Needless to say, I have been stressing these past few weeks. Okay, months. (Help me with this: on Friday Will will be 8 weeks old, but he's not technically two months old until the 21st. So is he two months old at 8 weeks? Or is it two months from the date he was born? How old is my kid, anyway?) Anyway, apparently I have moved from "charmingly crazy" to "batshit crazy". How crazy am I? Crazy enough that the leader of my mommy's group pulled me aside after class yesterday to hand me a list of local therapists.
Not that I've ever been big on self-censoring, but I guess when you start crying in the middle of a bunch of mommies over the fact that your baby refuses to sleep for more than 20 minutes during the day (45 minutes at night!) and you fear that your kid is going to have to sleep with you (or on you) for the rest of your life and now you completely understand why waking people up just as they're falling asleep is used as a method of torture in prison camps and you're starting to have some rather ungenerous thoughts about your little bundle of joy, perhaps it's time to seek professional help.
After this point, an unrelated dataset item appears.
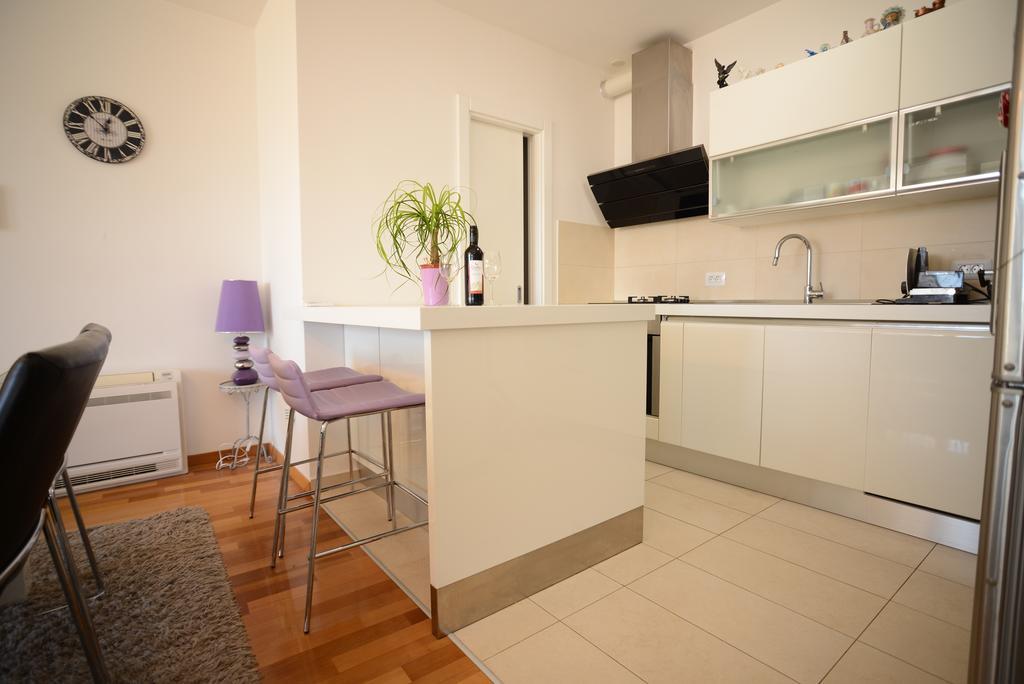 Base Bridge Apartment - Zadar City Centre - Free Parking Luaran gambar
I'm not opposed to visiting a pro. What I am opposed to is the price of said pro. Our insurance doesn't cover any form of psychological help so we have to pay out of pocket, which is easier said than done when you're a single income family living in one of the most expensive cities in the nation. Still, I figured if we scrimped (and if the doctors offered a sliding scale) we could probably cough up around $150 a week. So I called the first therapist. And then I hung up. Her hourly rate?
An hour. (Excuse me. 50 minutes.)
Needless to say, I will be staying batshit a bit longer. And I am in the wrong line of work.